La cosa strana non stava tanto nel terzo occhio, che potrebbe essere dovuto alla rivelazione che “La new age torna di moda”, della mia amica che scrive un libro sugli anni novanta. No. Nemmeno nel colore, un azzurro algido che contrastava parecchio con le altre due iridi calde e marroni. Né nell’apparizione conseguente alle note acute.
Quando si cade nel sonno costretti dalla stanchezza di troppe notti in bianco, è più che lecito aspettarsi un po’ di surrealismo.
Il fatto strano era che stessi guardando la televisione.

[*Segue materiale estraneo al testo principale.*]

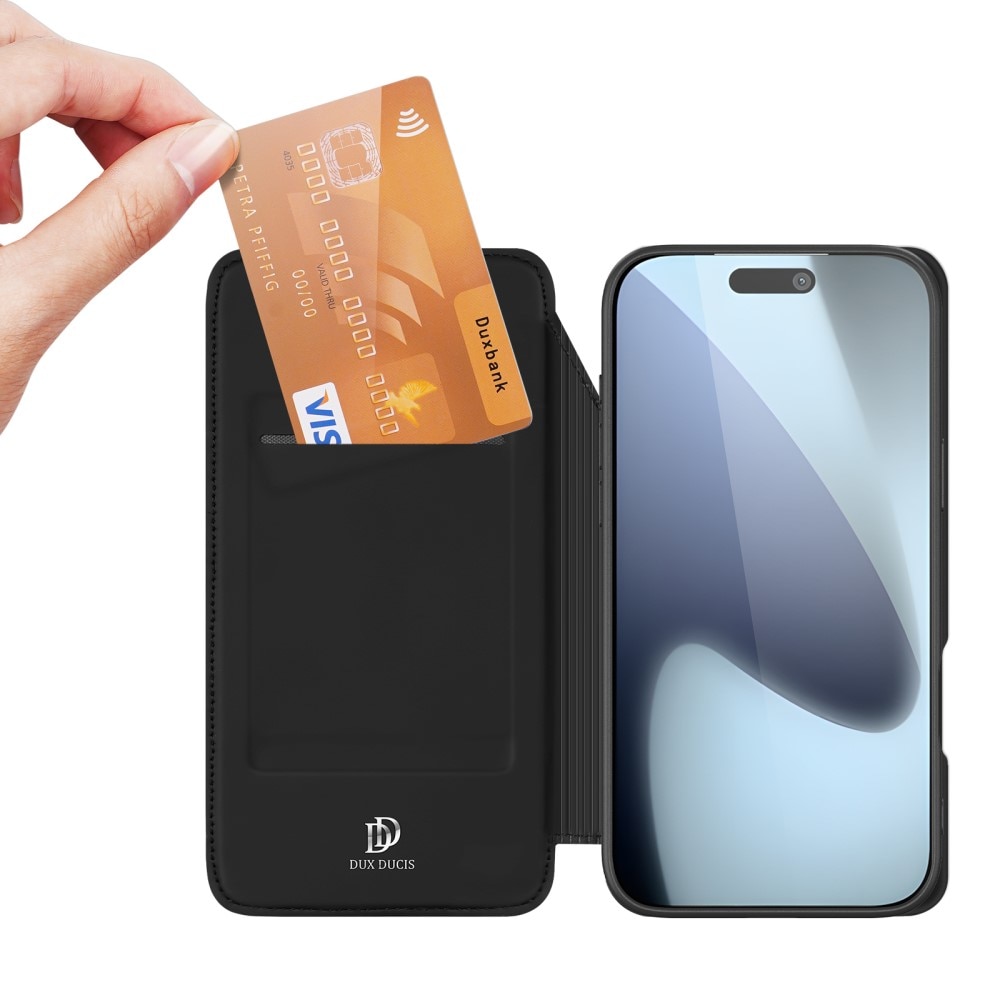 Skin Pro Series iPhone 17 Pro Max Nero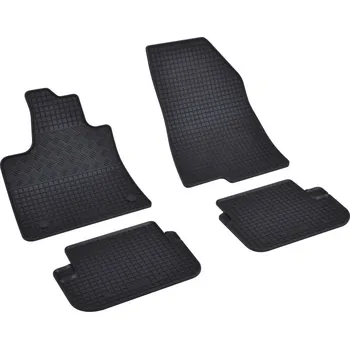 autokoberec Gumové autokoberce RIGUM Dacia Logan 2021-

L’ultima volta che ho seguito un programma, almeno per metà, non la ricordo. Non mi va di stare seduta e aspettare che qualcun altro batta i tempi di ciò che mi accade nella mente. Parlami di fiction, film, reality, di trasmissioni culturali o trash, di intrattenimento, di tribune politiche. Non ne so nulla. Non ne potremmo conversare.
E non mi sento defraudata di qualcosa. Se ho un po’ di tempo, di fiction, film, reality, approfondimenti culturali, fenomeni trash, intrattenimento, politica, io leggo. Guardo on-line, Scrivo. Penso. Parlo. Ascolto. Dialogo.
Vivere in prima persona riserva tante di quelle sorprese.
…Il mio protagonista non è morto! Ho iniziato a intuirlo stamattina, tra pagina 461 e 463 quando, dopo l’estrema unzione, l’eroe chiama l’infermiera che gli mette il catetere Catheterina.
Mi chiamo Kathy
Dobbiamo smetterla di vederci così
Zitto adesso. Riesce a raddrizzarsi un po’? Si raddrizzi un po’.
Cerchi di controllarsi. Per Dio.
Non ha nemmeno la febbre, lo so che è tutta una messinscena.
Sento dell’acqua scorrere.
Zitto.
Mai visto un culo più bello.
Mai visto nessuno eccitarsi con un catetere.
Mi vuole sposare?
Certo.
e la conferma è arrivata nelle ultime nove pagine, dalle quali ho appreso:
a) che per rinascere bisogna saper onorare il proprio desiderio di vita, ma anche riprendere il cammino su nuove strade, dopo essersi spogliati di tutto,
figure del teatro d’ombre
perfino di sé stessi,
vane parole nel vento
b) che solo un attimo dopo aver compiuto questo semplice atto, l’umanità ci viene incontro inattesa, e si accorge e si prende cura di noi.
E a quel punto sappiamo accettarlo. E dire grazie. E, chissà (ma questo il libro non lo dice), magari, presto o tardi, restituiremo il gesto.
Cormac Mc Carthy, per i miei gusti forse troppo altalenante tra il visionario iperaggettivato e la crudezza chirurgica, mostra l’essere umano com’è, e centra il bersaglio. Non so quanto ci ho messo a leggere Suttree*, fatto sta che nessuno mi correva dietro. Ed è stato come aprire un terzo occhio. Non avrò visto auree, ma molte aurore sì, a occhi aperti e chiusi.
E ora avanti un altro.
O altri due, c’è spazio e tempo a sufficienza.